Exercise instructions: For the entries below, report the number of lines containing "These", without any other content.

*** Records supplied Section Begins ***

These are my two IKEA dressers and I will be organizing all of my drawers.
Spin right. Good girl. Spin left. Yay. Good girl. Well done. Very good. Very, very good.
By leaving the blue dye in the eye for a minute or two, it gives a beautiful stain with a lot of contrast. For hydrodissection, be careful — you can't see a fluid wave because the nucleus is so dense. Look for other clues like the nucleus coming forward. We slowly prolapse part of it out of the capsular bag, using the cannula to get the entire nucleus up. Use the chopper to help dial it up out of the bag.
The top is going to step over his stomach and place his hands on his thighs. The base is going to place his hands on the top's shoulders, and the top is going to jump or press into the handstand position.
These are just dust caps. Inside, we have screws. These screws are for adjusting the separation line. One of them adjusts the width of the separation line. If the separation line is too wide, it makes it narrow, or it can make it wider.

*** Records supplied Section Ends ***

Solution to the exercise: 2